Exercise aim →
Restate the whole listing below word for word and keep the images out.

Provided data →
• • •

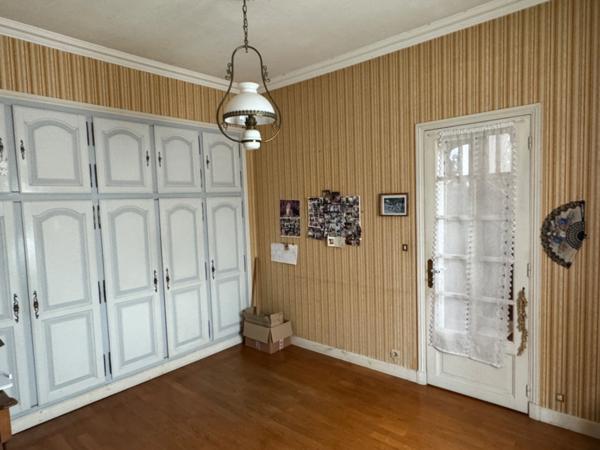 MAISON DE CARACTERE - 4 CHAMBRES - DEPENDANCES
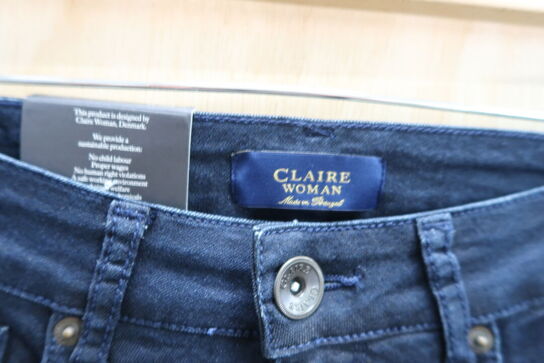 Bukser str. 40 CLAIREWOMAN Model: 19179074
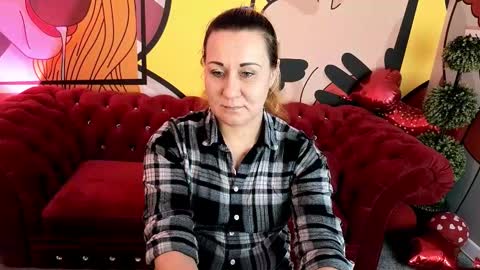 famousemuse online show from 03/25/26, 01:50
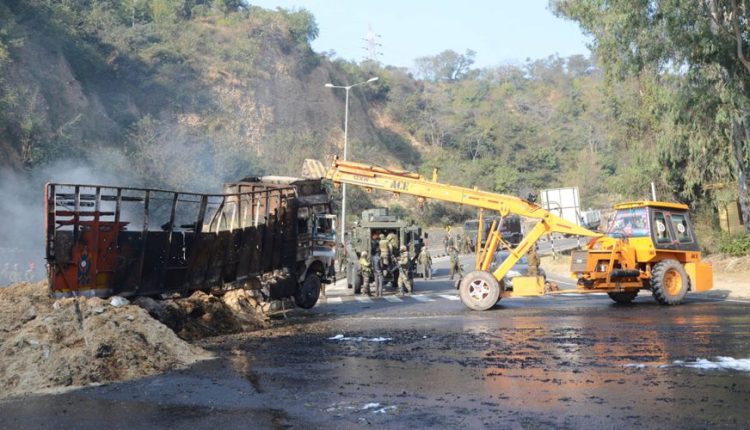 Truck carrying terrorists to Kashmir had fake number plate ADGP Jammu Mukesh Singh (2)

• • •

Reply to the task →
 MAISON DE CARACTERE - 4 CHAMBRES - DEPENDANCES
 Bukser str. 40 CLAIREWOMAN Model: 19179074
 famousemuse online show from 03/25/26, 01:50
 Truck carrying terrorists to Kashmir had fake number plate ADGP Jammu Mukesh Singh (2)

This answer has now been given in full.